Task directions
Going from the line that contains "Walk Off The Earth-Rule the World Lyrics" through the last line of the records, set down each line again exactly, both included, with pictures left out.

Extracted data
<<<<

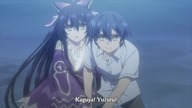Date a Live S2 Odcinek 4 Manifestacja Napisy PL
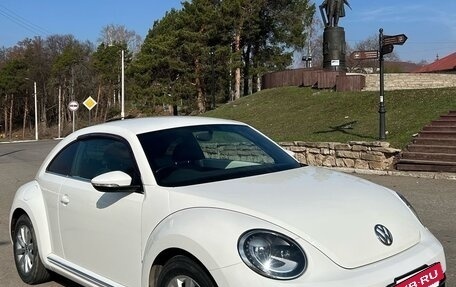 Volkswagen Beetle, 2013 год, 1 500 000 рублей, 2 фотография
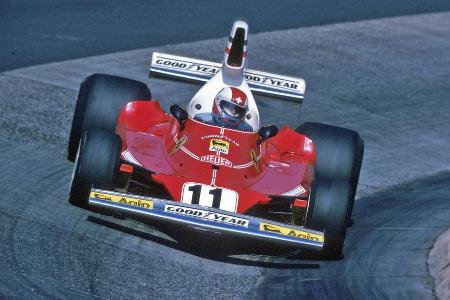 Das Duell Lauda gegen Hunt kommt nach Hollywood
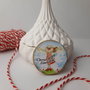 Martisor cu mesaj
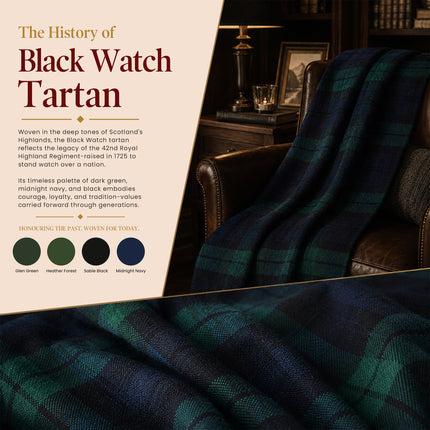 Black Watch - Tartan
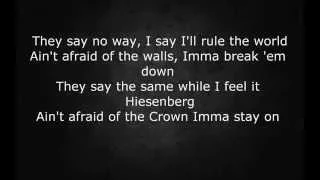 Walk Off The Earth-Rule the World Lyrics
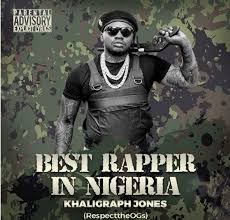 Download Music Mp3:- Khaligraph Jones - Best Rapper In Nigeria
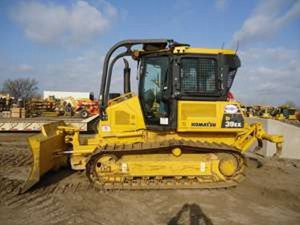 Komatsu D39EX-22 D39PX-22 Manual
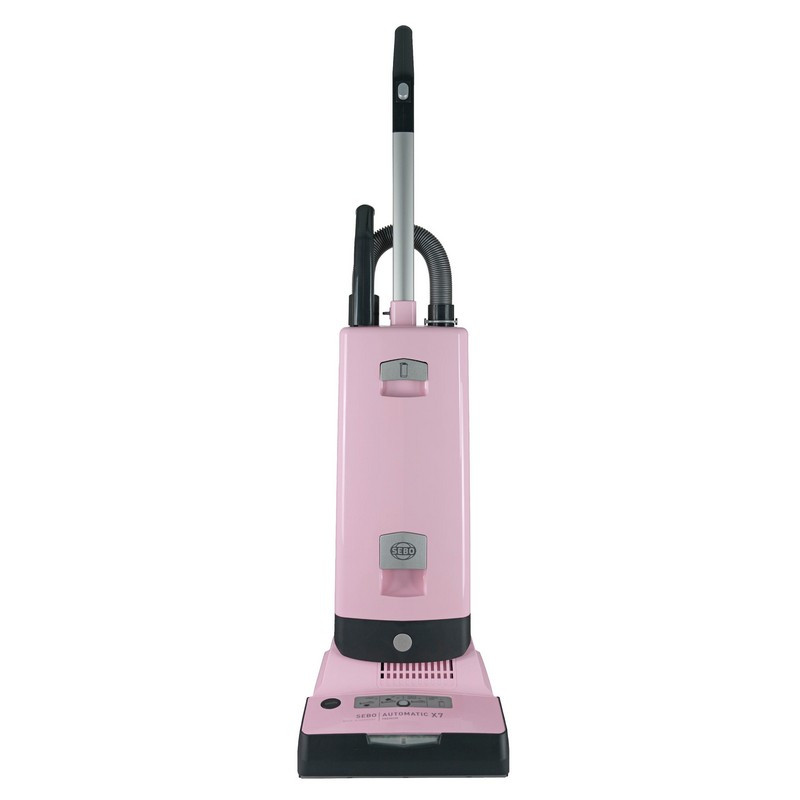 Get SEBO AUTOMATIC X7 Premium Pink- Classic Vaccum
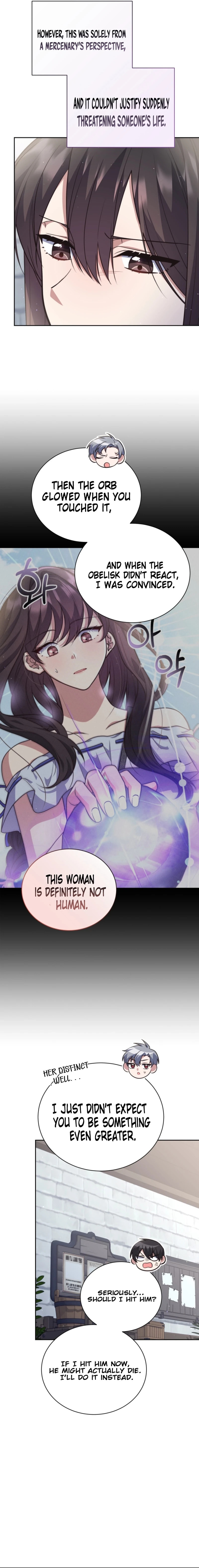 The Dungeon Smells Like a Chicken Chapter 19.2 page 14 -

>>>>

Response
 Walk Off The Earth-Rule the World Lyrics
 Download Music Mp3:- Khaligraph Jones - Best Rapper In Nigeria
 Komatsu D39EX-22 D39PX-22 Manual
 Get SEBO AUTOMATIC X7 Premium Pink- Classic Vaccum
 The Dungeon Smells Like a Chicken Chapter 19.2 page 14 -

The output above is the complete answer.